Je ne suis pas certain que Yoshida accorde beaucoup d’importance à son histoire. Histoire banale d’une femme mariée et mère, vivant dans la bonne bourgeoisie, qui a un amant bien plus jeune que lui, fiancé quant à lui. L’amant prend des photos de sa maîtresse dénudée et les négatifs sont volés. La femme va subir un chantage de la part du voleur. Le film joue sur les drames amoureux d’une femme seule qui espère un regard. Or ce regard ne sera plus apporté par son époux, ni par son amant mais bel et bien par son maître chanteur qui, à cause des négatifs subtilisés, va apporter un regard neuf sur elle et son corps dénudé.

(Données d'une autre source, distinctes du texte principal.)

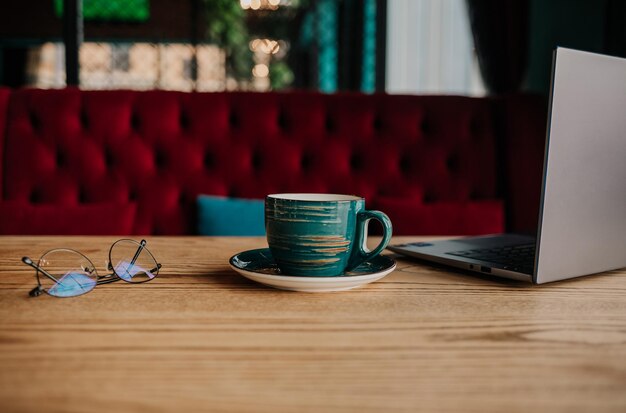 Composition une tasse de café, des verres et un ordinateur portable sur la table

Ce qui frappe le plus dans cet anti-drame de Yoshida c’est la manière de filmer sa compagne, l’actrice Mariko Okada. Ce n’est pas seulement qu’il la magnifie, c’est certainement qu’il crée pour elle un univers purement visuel d’où son personnage ne pourra pas s’échapper. Les dix premières minutes du Lac des femmes sont particulièrement étonnantes. Mariko est au lit avec son amant, elle veut partir et rentrer chez elle. La caméra tourne autour d’eux en plan séquence, filmant les corps nus puis les draps froissés, revenant aux corps de l’autre coté du lit. Séquence ultra blanche. L’amant prend des photos. On voit les clichés en plans fixes, très rapprochés du corps de Mariko. Comme une loupe tandis que les cartons du générique défilent. Mais les photos sont très sombres. Elle quitte la chambre, se retrouve dans la rue et là on touche presque à l’abstraction la plus totale.

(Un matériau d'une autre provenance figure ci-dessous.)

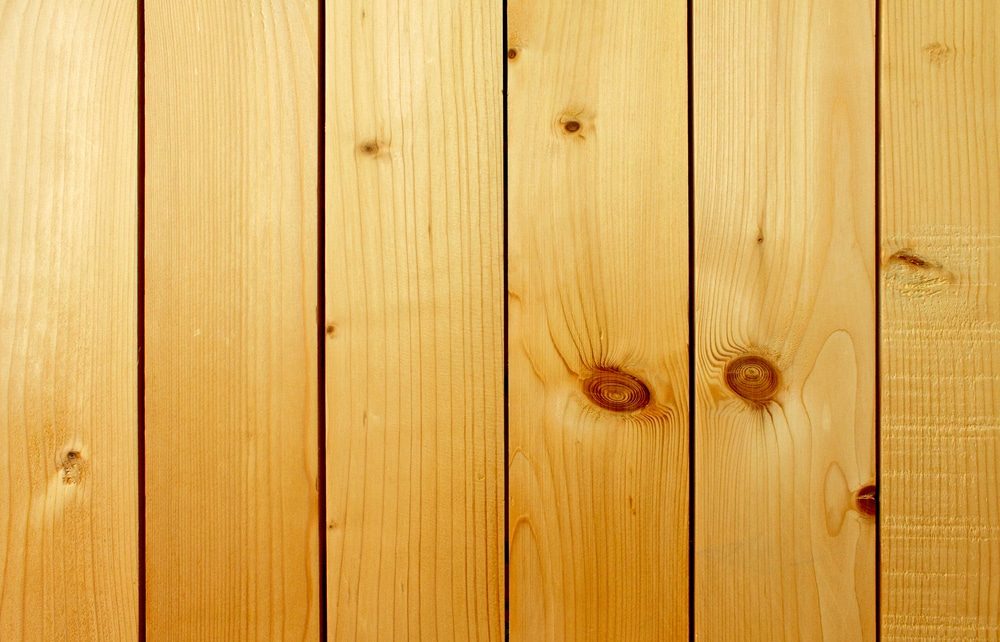 Close-up of vertical light wood boards with narrow gaps and dark knots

Yoshida filme sa femme, oh oui, il la filme. Il la filme marchant dans la nuit noire mais il braque un projecteur sur son dos tandis qu’elle avance de dos loin de la caméra, puis il filme son visage avec seulement un halo de lumière dans la nuque. Ce sont des plans d’une grande beauté. Yoshida la filmera aussi de jour, dans une robe noire dans des petites ruelles très ensoleillées. Il développera ce contraste constamment tout au long du film, comme pour mieux révéler son ambivalence. Mais c’est son rapprochement avec le maître chanteur qui la fera changer et son caractère sera décelable selon les vêtements qu’elle porte (robe blanche ou noire), selon que son visage ou sa nuque est filmée et selon que la caméra est en plan large ou rapproché. Le récit bascule lors d’un étrange tournage de film au bord de la mer, près d’un bateau échoué.
Yoshida propose un film de pure mise en scène extrêmement formaliste sur un scénario somme toute très classique. J’ai pensé à la Magnani en voyant Mariko, et puis à Bergman, à Antonioni, à Godard parfois (le tournage du film) et aussi à Fellini (le vent). Mais c’est Yoshida.
Le Lac des femmes (女のみづうみ, Japon, 1966) Un film de Yoshishige Yoshida avec Mariko Okada, Shinsuke Ashida, Shigeru Tsuyuguchi, Tamotsu Hayakawa.